Is Amazon a friend or foe for businesses?
Whether a small startup or global behemoth, the decision to use Amazon is now one all companies selling products online must at least consider.
The e-commerce giant is often the first place consumers turn to when searching for products online, ahead of Google and a brand’s own website, and accounts for around a third of UK e-commerce sales in total.
On the face of it, surely every business should list its products on Amazon, right? Well, it’s not quite that black and white, and there are a number of potential drawbacks to using Amazon as a seller, from the commission rates to being at the mercy of the platform.
As an entrepreneur that has relied heavily on Amazon to help both my current (Pott’d) and former (TCA) businesses get off the ground, I would like to offer my own two cents on the topic. Yes, I have made the decision to use the platform for my own ventures, but I have plenty of insight into both Amazon’s pros and cons that I think will help businesses like yours decide whether to follow suit.
Easy access to customers - Amazon’s reach is the main attraction. The website attracts over two billion visitors a month – that’s a lot of potential eyeballs on your products. When you consider how much people trust Amazon and enjoy the benefits of using Prime, this can easily translate into sales and repeat business, which I can certainly attest to in the cases of TCA and Pott’d.
It’s simple to start using - If your products are ready and you want to start selling them relatively quickly, then Amazon is a great bet. All you have to do is provide a few details, create your product listings, and you’re good to go.
Amazon handles storage and fulfilment - Speaking of ease, another big benefit of using Amazon as a seller – particularly for small businesses – is that the company will take care of storage and fulfilment for you. Most companies use Fulfilment by Amazon (FBA) and send products to Amazon for them to pick, pack, and ship any orders on their behalf.
It aids international expansion efforts - With access to overseas customers and extensive fulfilment services to over 100 countries and regions, relying on Amazon makes it much easier for businesses to expand internationally. I found Amazon invaluable in helping TCA and Pott’d do just this, enabling both companies to break into markets across Europe and the US.
Missed brand opportunity - The best brands connect with their customers, something that increases brand loyalty and can generate referrals. However, building this type of community is very difficult on Amazon. Not only are you unable to collect customer data to contact them with, but it’s incredibly hard to convey your brand identity on an external platform, making it much trickier to forge customer relationships.
It can be expensive - Of course, selling on Amazon isn’t free, and these costs can soon add up, particularly for small businesses. The company charges a referral fee for each item sold – typically 15%, though this depends on the product category. Make sure you know your margins, for most small FBA businesses, Amazon is probably making more money from their businesses than they are.
You’re at the mercy of Amazon - I’ve touched upon the lack of control sellers have on Amazon above, and this manifests itself in so many other ways that can be extremely frustrating. Just ask anyone who’s used Seller Support recently. You can also be banned by Amazon at any time for first-time errors or even by mistake.
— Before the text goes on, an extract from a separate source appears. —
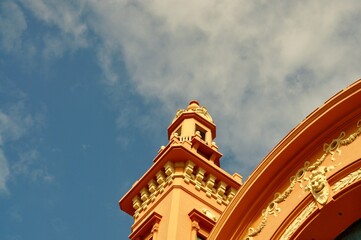Historic theatre in Bari, Italy, highlighted against blue sky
Amazon has notable shortcomings - From the proliferation of fake product reviews and the problem of Amazon competing with its own merchants, to poor seller support and risk of technical errors, Amazon has a lot of issues. I’ve experienced some of these first-hand, including randomly losing access to the TCA account for several days and having to compete with brands using fake reviews.
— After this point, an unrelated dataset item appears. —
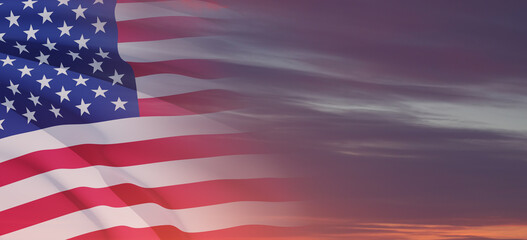 Obraz premium United States of America flag on sky at sunset or sunrise background.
So, is Amazon a friend or foe for businesses? Well, like with many things in life, the truth lies somewhere in the middle. If you run a small business, using Amazon can be a great way of getting products out there. However, should you run a larger, more established company that wants more control over its operations and to form closer relationships with customers, using the platform may not be the right solution.
With all being said, selling on Amazon isn’t an all-or-nothing decision either – many brands list a few products on the platform while also encouraging customers to buy directly from their website. The trick here is knowing which products to sell where.
Ultimately, it’s up to your own company to weigh up the pros and cons of using Amazon and work out if doing so is likely to be worth it. Only if the answer is yes can the platform truly be your friend.